Anonymous February 27, 2008 at 8:04 am

in my mind, this dress is screaming for a self belt-SCREAMING !john


Bettsi February 27, 2008 at 1:48 pm

Saturday I had the pleasure of doing a re-con on an eighties shirtdress. I made a self belt with an elastic insert in the back and made covered buckle for it too. I was very proud of my engineering work! However, I must second the idea of a grossgrain ribbon sash. Also, someone else suggested the aqua tights and sweater and I wholeheartedly agree.
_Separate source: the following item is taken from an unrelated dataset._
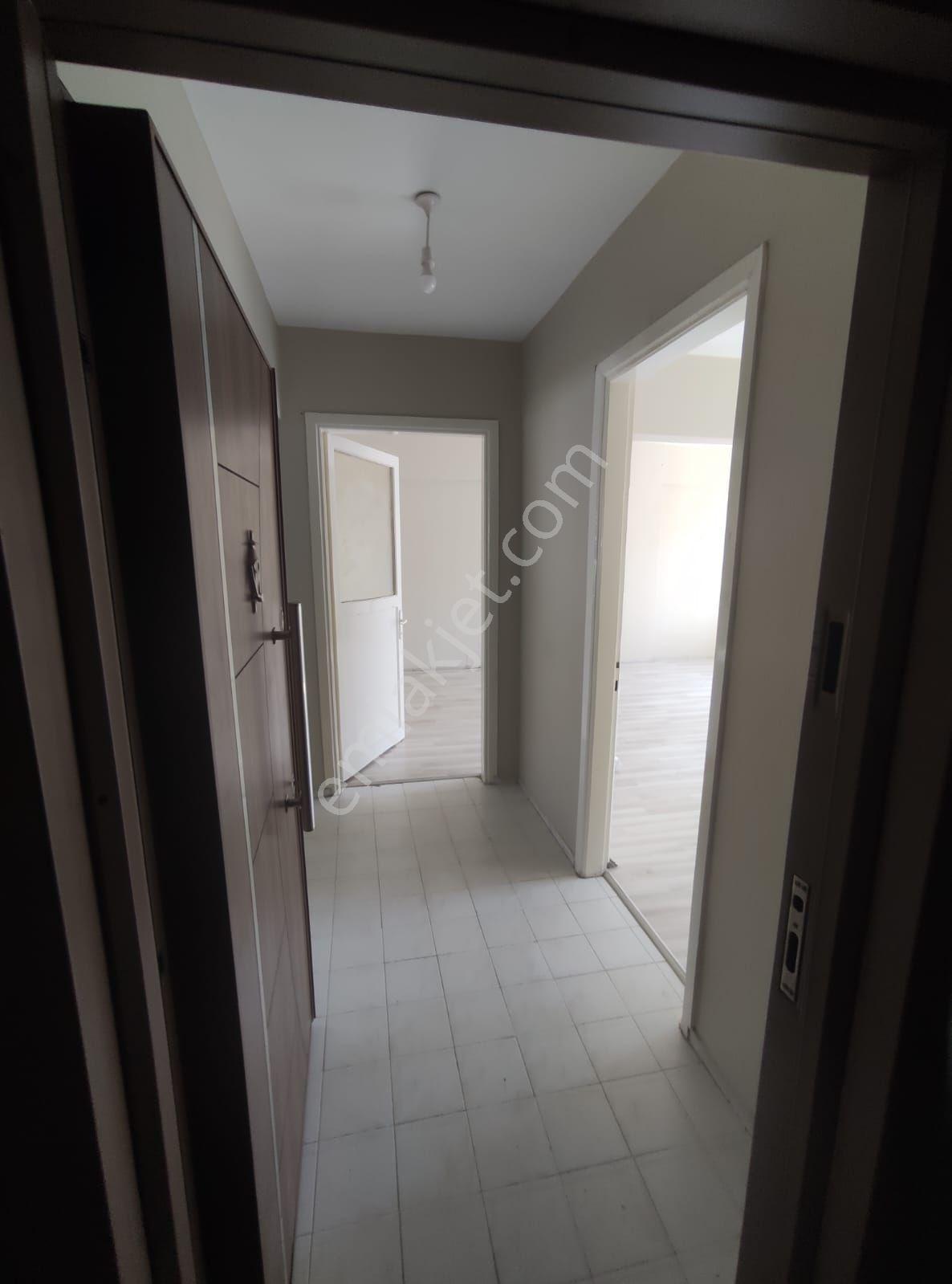 Kiralık Daire Yeni Mahalle 2+1 100 M² Mehmet Akif İ.o Mevkii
A divine combination!


Jo February 29, 2008 at 5:15 am

Training as a Home Ec teacher we were taught to use interfacing which was no heavier weight than the fabric being interfaced, ie heavy wool, heavier interfacing (it was woven horse hair and wool interfacing on our tailored suits and there were different weights in that too to use on heavier and lighter weight wools, but I don’t think they make it now a days!!)If silk use a similar weight. Nothing stiffer than the fabric you are using to make the garment.


Anonymous March 1, 2008 at 10:10 am

Perhaps you’d like the above-mentioned fastenings better under their English name, ‘hook & eye’? J.